Some other examples:
Copy code
sagemaker-user@studio$ kubectl get rayclusters
Error from server (Forbidden): <http://rayclusters.ray.io|rayclusters.ray.io> is forbidden: User "cagepart-kuberay-developer" cannot list resource "rayclusters" in API group "<http://ray.io|ray.io>" in the namespace "default"
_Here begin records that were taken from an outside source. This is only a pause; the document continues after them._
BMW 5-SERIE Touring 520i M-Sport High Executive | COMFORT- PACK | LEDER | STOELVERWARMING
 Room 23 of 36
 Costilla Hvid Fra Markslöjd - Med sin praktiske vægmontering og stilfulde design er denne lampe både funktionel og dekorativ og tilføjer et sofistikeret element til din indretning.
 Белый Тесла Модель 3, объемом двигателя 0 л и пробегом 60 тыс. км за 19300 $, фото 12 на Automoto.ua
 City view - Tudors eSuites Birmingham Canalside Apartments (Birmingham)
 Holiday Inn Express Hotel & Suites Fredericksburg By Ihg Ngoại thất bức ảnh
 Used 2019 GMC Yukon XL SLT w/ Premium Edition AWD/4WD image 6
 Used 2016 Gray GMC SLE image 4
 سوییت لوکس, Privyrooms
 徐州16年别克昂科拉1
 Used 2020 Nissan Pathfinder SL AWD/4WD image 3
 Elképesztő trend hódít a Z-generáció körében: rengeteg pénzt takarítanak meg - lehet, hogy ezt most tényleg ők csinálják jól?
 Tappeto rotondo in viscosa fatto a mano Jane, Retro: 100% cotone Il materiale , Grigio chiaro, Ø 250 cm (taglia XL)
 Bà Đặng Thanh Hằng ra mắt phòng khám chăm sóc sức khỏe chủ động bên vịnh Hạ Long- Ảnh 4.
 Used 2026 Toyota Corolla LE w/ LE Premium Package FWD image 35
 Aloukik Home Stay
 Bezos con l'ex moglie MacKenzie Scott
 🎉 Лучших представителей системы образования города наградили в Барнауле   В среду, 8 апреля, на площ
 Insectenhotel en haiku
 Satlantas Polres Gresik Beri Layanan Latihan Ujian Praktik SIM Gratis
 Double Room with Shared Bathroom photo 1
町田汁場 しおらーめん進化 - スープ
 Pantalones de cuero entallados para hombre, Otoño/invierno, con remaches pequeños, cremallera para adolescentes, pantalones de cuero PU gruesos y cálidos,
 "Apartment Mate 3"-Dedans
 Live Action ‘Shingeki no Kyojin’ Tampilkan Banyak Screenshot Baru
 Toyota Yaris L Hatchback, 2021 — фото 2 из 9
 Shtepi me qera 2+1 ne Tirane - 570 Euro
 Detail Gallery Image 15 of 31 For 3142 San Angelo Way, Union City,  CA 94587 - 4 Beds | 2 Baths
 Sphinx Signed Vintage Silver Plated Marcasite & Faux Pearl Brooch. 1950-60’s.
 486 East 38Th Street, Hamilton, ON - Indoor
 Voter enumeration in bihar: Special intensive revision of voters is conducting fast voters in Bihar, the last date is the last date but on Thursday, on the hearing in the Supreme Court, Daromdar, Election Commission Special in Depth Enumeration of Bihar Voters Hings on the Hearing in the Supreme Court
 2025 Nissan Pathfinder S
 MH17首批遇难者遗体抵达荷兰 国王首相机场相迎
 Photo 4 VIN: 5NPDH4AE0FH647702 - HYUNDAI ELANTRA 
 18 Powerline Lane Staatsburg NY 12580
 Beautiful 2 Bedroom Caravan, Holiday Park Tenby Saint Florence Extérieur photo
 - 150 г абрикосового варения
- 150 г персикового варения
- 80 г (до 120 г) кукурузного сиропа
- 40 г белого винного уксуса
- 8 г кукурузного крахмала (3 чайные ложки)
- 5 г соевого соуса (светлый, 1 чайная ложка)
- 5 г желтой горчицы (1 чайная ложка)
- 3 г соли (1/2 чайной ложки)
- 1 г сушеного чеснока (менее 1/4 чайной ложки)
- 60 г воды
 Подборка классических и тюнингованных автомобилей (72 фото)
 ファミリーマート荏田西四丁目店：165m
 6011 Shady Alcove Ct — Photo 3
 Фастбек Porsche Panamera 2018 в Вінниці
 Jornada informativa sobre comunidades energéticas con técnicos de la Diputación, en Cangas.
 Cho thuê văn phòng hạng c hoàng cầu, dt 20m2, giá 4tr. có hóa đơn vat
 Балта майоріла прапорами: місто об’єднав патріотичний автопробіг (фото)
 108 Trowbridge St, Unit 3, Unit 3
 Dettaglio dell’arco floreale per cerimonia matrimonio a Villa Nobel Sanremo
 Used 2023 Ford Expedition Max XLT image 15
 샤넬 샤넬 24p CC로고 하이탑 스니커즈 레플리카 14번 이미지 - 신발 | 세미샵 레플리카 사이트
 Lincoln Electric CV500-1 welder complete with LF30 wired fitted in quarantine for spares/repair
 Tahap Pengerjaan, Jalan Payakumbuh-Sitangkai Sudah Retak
sagemaker-user@studio$ kubectl get rayclusters --namespace cagepart
No resources found in cagepart namespace.
h
I believe this means there is something specific about how your kubeconfig file is authenticating to the cluster. Can you open you kubeconfig file and look through it? I am guessing it does some assumption of a role or runs some command to get kubeconfig token...
a
Looks something like this:
Copy code
apiVersion: v1
clusters:
- cluster:
    server: <NETWORK_LOAD_BALANCER_URL>
    insecure-skip-tls-verify: true
  name: <EKS_CLUSTER_ARN>
contexts:
- context:
    cluster: <EKS_CLUSTER_ARN>
    user: <EKS_CLUSTER_ARN>
  name: <EKS_CLUSTER_ARN>
current-context: <EKS_CLUSTER_ARN>
kind: Config
preferences: {}
users:
- name: <EKS_CLUSTER_ARN>
  user:
    exec:
      apiVersion: <http://client.authentication.k8s.io/v1beta1|client.authentication.k8s.io/v1beta1>
      args:
      - --region
      - us-west-2
      - eks
      - get-token
      - --cluster-name
      - <CLUSTER_NAME>
      - --output
      - json
      command: aws
      env: null
      interactiveMode: IfAvailable
      provideClusterInfo: false
h
Did you get this config by first running
aws eks update-kubeconfig --name <cluster-name>
?
a
It's first derived from
aws eks update-kubeconfig --name <cluster-name>
, but have to manually update it though because we use a secure network load balancer instead of the kube api server directly and also set
insecure-skip-tls-verify: true
Oh no I figured out the issue. The python kubernetes client version needs to be the same version as the kubernetes cluster and kubectl. That took me forever to figure out lol
h
Oh! that is an important discovery. Do you know what version it was on?
a
29.0.0
, so I downgraded
kubernetes
to
29.0.0
and it finally works
Maybe it doesn't need to be the same version... But
32.0.0
doesn't work, so I downgraded it
Now it's having trouble scheduling the pod. Perhaps I need to set tolerance? Node selector?
Copy code
2025-01-27 22:28:35.033 [170/start/2669 (pid 2970)] Task finished successfully.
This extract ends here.